Slack time: Defined as the network independent time the collective has to transmit the data. It is a measure of the time the collective has available to send and receive data, excluding the send, send-done, recv, or recv-done operations. Increasing slack time reduces the chances of stalling the TPU for a collective. For example, given the following timeline:

timeline showing slack time

Slack time is calculated in this example as:

Slack time = t<sub>1</sub> + t<sub>2</sub> + t<sub>3</sub>

Observed duration: The duration observed for each collective. It is computed as the interval between the start of the send operation to the end of the corresponding recv-done operation, including the time spent sending and receiving data.
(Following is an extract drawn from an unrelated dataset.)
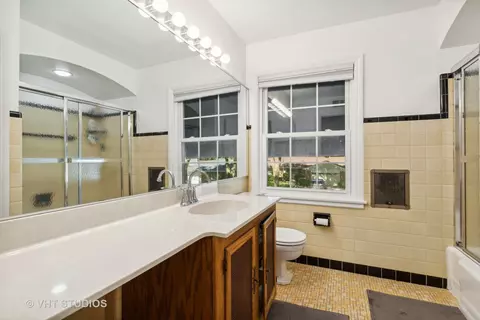 259 Cornell Ave, Des Plaines, IL 60016 photo 15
For example, given the following timeline:

timeline showing observed duration

Observed duration is calculated as:

Observed duration = t<sub>send</sub> + t<sub>1</sub> + t<sub>send-done</sub> + t<sub>2</sub> + t<sub>recv</sub> + t<sub>3</sub> + t<sub>recv-done</sub>

Stall Duration: The duration of time the collective stalls the TPU. This is the total duration of time the collective spends in the send, send-done, recv, and recv-done operations, not including the time spent transmitting data. For example, given the following timeline:

timeline showing stall duration

Stall duration is calculated in this example as:

Stall duration = t<sub>send</sub> + t<sub>send-done</sub> + t<sub>recv</sub> + t<sub>recv-done</sub>

Occurrences: The total number of times a collective is initiated and completed during a profile duration. The send operation and its matching recv-done operation must occur within the profile duration to be included in this metric.
Aggregated total stall: The total amount of time a collective stalls a TPU during a profile duration. Aggregation total stall is calculated as:
- Aggregated total stall = stall duration * occurrences
Data transmitted size: The amount of data that is transmitted over the network for the collective, computed based on the XLA operation shape.
Required bandwidth: The bandwidth required to transmit the data within the provided slack. You can use this metric to see the number of collectives competing for network bandwidth during the profile duration. Required bandwidth is computed as:
- Required bandwidth = data transmitted size / slack time

Analyzing Megascale Stats Tool Data

To analyze the data presented in the tool:

Sort the table by Aggregated Total Stall in descending order.
Identify the DCN collective name with the highest Aggregated Total Stall. A significantly high value compared to others may indicate a bottleneck.
Multiply the Required Bandwidth of the DCN collective by the number of cores (e.g., 8 per v4 TPU host). If this value is greater than the maximum network bandwidth of the TPU, it may indicate network congestion. Try changing the sharding mechanism to reduce the required bandwidth.
Generate an HLO dump to check for compiler issues. Fanning out send and recv-done operations can allow for scheduling more overlapping HLO operations and reduce TPU stall time.
Check the duration of recv-done operations in Trace Viewer for the collective with the maximum aggregated total stall. A high transfer duration could indicate a bandwidth bottleneck as recv-done operations are usually blocked on the network.
If the duration of recv-done operations is not excessively high compared to the slack time, it might suggest a hardware issue.